In 2006, the five most important exporters of oil to the United States, in order of importance, were Canada, Mexico, Saudi Arabia, Venezuela, Nigeria, and Iraq. Total imports from these countries were 59 percent of U.S. imports. Of these five, the one most likely to want to hurt the United States is Venezuela or, more accurately, Venezuela’s government under Hugo Chavez. But interestingly, Chavez has done the exact opposite, actually subsidizing oil imports to the northeastern United States. But imagine the worst: imagine that Chavez wanted to target the United States using the “oil weapon.” Say he cuts sales by half to 753,000 barrels a day. The U.S. will respond by scrambling to find other sources of oil. Where will it find them? Let’s go back to Chavez. He needs to find people in other countries to sell this 753,000 barrels a day to. Let’s say he ships the oil to buyers in China. Then those buyers in China will find that they want to buy 753,000 fewer barrels from their suppliers, say Iraq or Saudi Arabia. Presto! The American buyers’ problems are solved because they can get their 753,000 barrels elsewhere. In short, when the government of one country tries to selectively target people in another country, but still wishes to maintain output, it can’t succeed. The selective “oil weapon” is a dud. It’s like a game of musical chairs with the same number of chairs as players. The game would be awfully boring, which is why it is not played that way. But in the case of international trade, boring is good.
It is unlikely that the government of Venezuela or of any country would maintain output simply by selling the freed-up supply to people in only one other country. It is also unlikely that people in the targeted country would get supplies from producers in only two other countries. But that complication doesn’t change the conclusion.

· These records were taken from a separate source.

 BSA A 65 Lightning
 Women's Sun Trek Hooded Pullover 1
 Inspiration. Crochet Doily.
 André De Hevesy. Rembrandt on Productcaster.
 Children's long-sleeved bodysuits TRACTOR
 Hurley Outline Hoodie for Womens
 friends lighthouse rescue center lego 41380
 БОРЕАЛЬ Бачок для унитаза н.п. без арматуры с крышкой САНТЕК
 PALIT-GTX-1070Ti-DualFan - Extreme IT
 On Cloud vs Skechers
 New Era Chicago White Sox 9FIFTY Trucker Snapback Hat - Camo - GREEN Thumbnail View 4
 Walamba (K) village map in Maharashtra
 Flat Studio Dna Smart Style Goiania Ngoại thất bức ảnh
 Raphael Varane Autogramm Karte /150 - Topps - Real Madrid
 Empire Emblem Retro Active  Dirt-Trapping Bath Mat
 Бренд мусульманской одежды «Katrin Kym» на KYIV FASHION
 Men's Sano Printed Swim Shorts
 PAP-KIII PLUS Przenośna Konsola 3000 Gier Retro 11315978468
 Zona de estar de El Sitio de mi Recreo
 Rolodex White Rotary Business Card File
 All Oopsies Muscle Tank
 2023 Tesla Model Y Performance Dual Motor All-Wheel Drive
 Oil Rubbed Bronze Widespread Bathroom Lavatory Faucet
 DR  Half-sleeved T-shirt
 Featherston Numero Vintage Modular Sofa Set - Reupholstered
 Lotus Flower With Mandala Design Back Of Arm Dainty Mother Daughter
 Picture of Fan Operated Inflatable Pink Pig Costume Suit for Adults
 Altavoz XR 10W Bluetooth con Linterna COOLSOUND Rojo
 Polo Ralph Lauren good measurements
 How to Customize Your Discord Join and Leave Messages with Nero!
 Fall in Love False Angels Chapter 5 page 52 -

Also, one main reason for the particular pattern of oil exports and imports is transportation cost: if you’re in New Orleans, why buy from Iran when the cost of shipping from Venezuela is much lower? It follows, therefore, that when a country’s government disrupts this pattern by cutting off oil supplies to a nearby country, transportation costs rise. The higher transportation cost acts as an excise tax, the burden of which is typically shared by the buyers and sellers. The disrupting government would be hurt by having to accept a somewhat lower price from a more distant buyer. The people in the disrupted country would be hurt by having to pay a somewhat higher transportation cost to get their oil. But the maximum hurt in either case would be no more than the difference in transport costs, and this would be a small amount, probably under $1 per barrel. For the hypothetical 753,000-barrel production cut, therefore, the maximum hurt to U.S. consumers would be $753,000 a day or $275 million a year—less than $1 per year per U.S. resident.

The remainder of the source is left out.